Benign paroxysmal vertigo is a disorder characterized by recurrent brief attacks of vertigo, occurring without warning.1 The attacks resolve spontaneously after minutes to hours, without loss of consciousness. Associated symptoms may include ataxia, vomiting, pallor, and fearfulness.1 The average age of onset of the attacks is 4 years, with spontaneous resolution around 6 years.4

Benign paroxysmal torticollis

Benign paroxysmal torticollis is a condition with recurrent episodes of head tilt to one side, and may also involve vomiting, irritability, pallor and malaise.1 The attacks remit spontaneously after minutes to days, and tend to occur monthly.1 Benign paroxysmal torticollis affects predominantly infants and small children, and may delay motor development.
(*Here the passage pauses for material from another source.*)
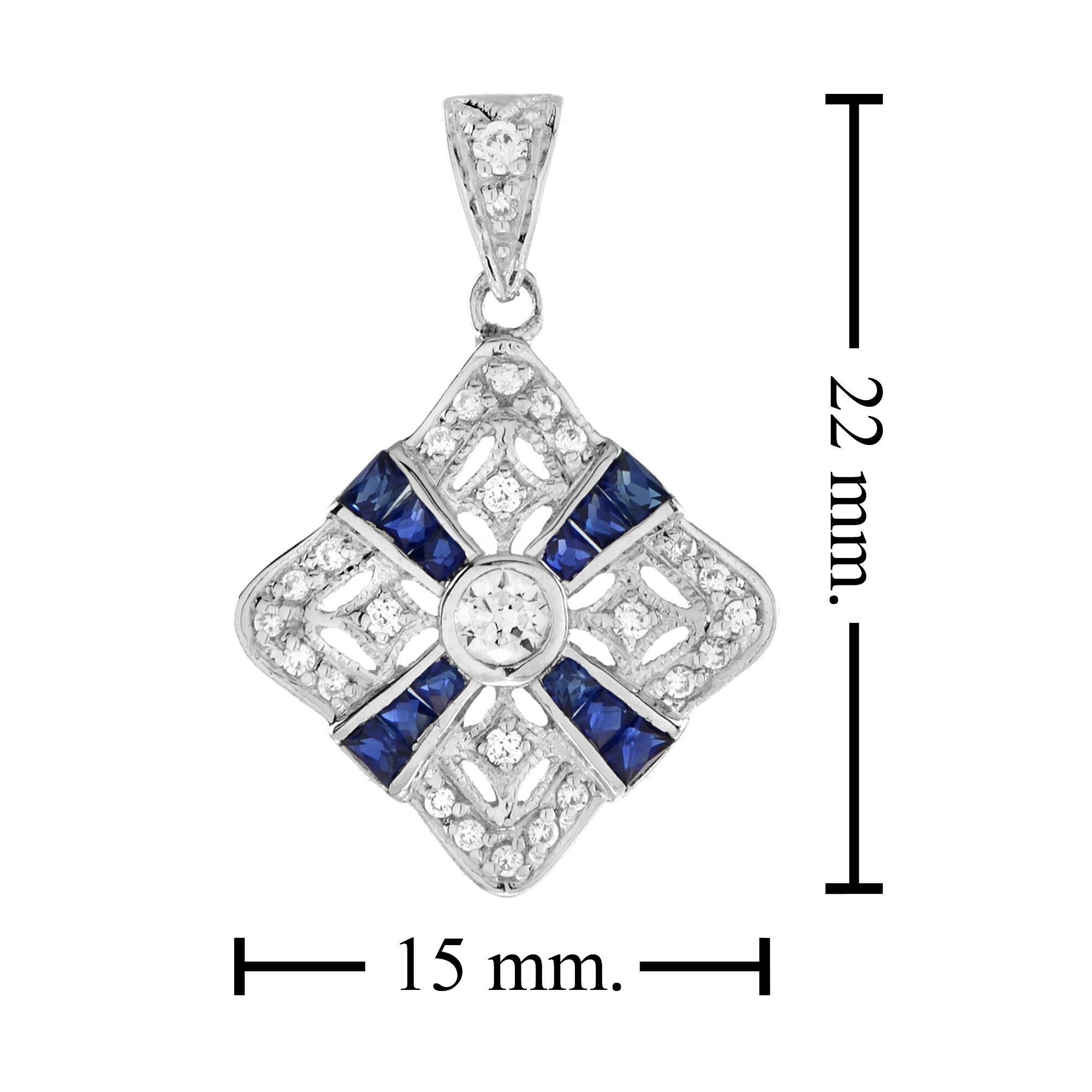 Women's or Men's Diamond and Blue Sapphire Art Deco Style Pendant in 14K White Gold For Sale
Prof. Evers concluded his presentation by discussing why these syndromes may be linked to migraine. Do they have a common genetic background? Are they different symptomatologies of the same etiology? Is there a place for calcitonin gene-related peptide (CGRP) in their management? In Prof. Evers’ opinion the questions are still many, and the paucity of research and controlled trials presents a challenge for both accurate diagnosis and effective treatment.

“There is an unmet need to detect and understand syndromes associated with migraine” 

Stefan Evers (University of Münster, Germany)

  1. Headache Classification Committee of the International Headache Society (IHS). The International Classification of Headache Disorders, 3rd edition. Cephalalgia. 2018;38:1-211.
  2. Lebron D, et al. The episodic syndromes that maybe associated with migraines. Semin Pediatr Neurol. 2016 23:6-10.
  3. Lee LY, et al. The management of cyclic vomiting syndrome: a systematic review. Eur J Gastroenterol Hepatol. 2012;24:1001-1006.
  4. Batuecas-Caletrio A, et al. Is benign paroxysmal vertigo of childhood a migraine precursor? Eur J Paediatr Neurol. 2013;17:397-400.